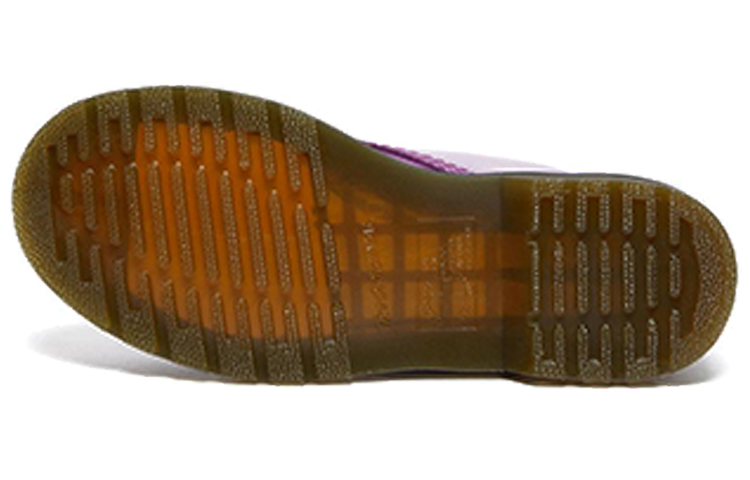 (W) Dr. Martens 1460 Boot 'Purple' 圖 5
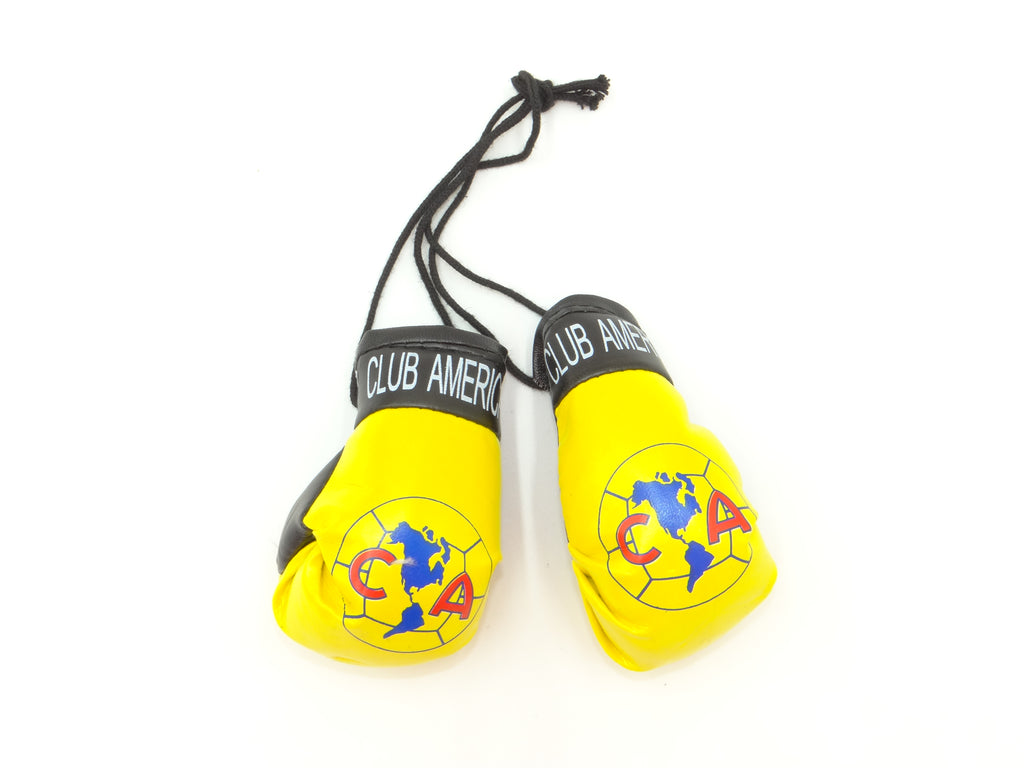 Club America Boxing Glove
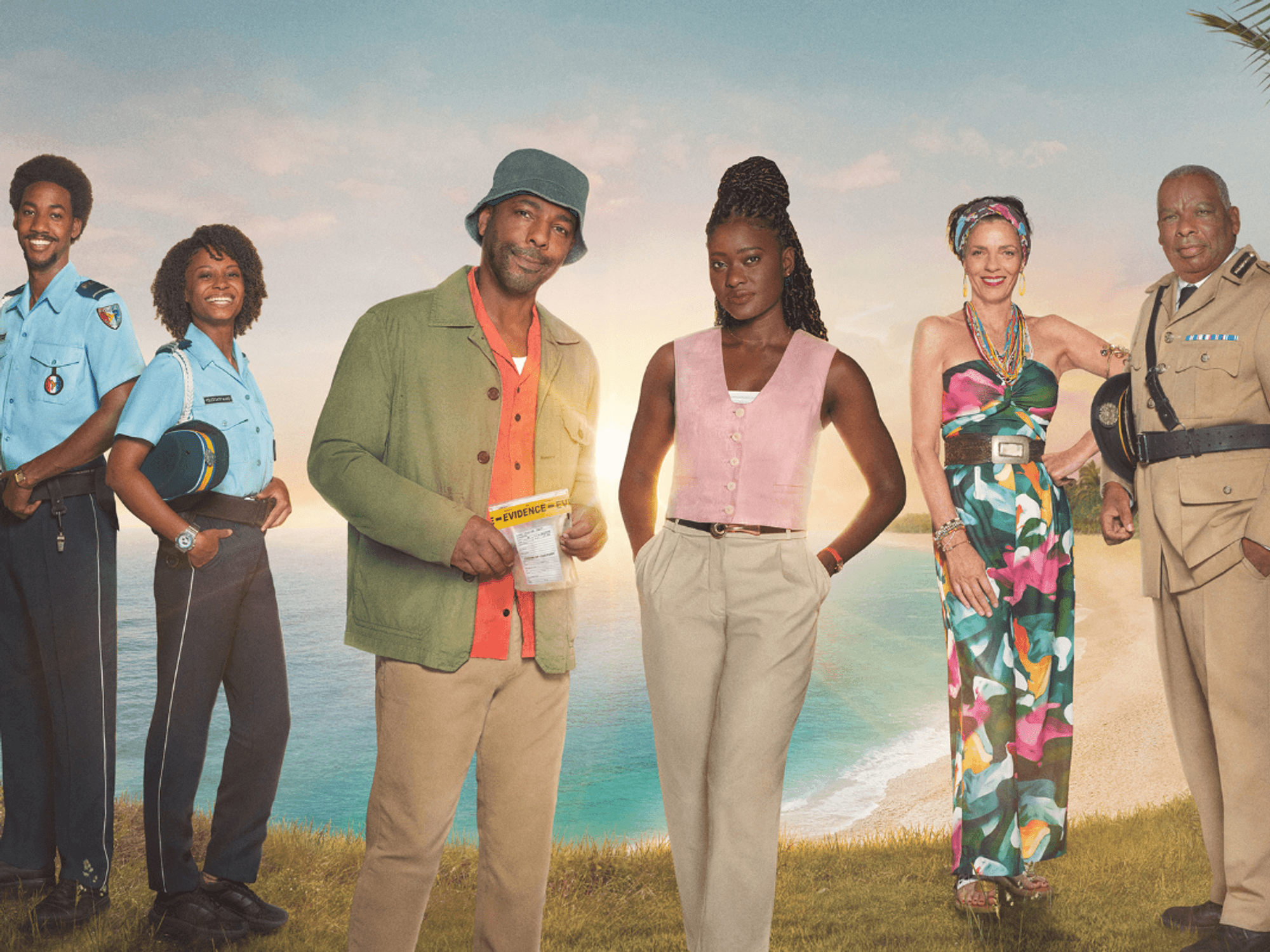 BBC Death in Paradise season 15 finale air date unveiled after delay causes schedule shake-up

····················

What is required:
Send back every line of the listing exactly. Omit the images.

Response area:
 (W) Dr. Martens 1460 Boot 'Purple' 圖 5
 Club America Boxing Glove
 BBC Death in Paradise season 15 finale air date unveiled after delay causes schedule shake-up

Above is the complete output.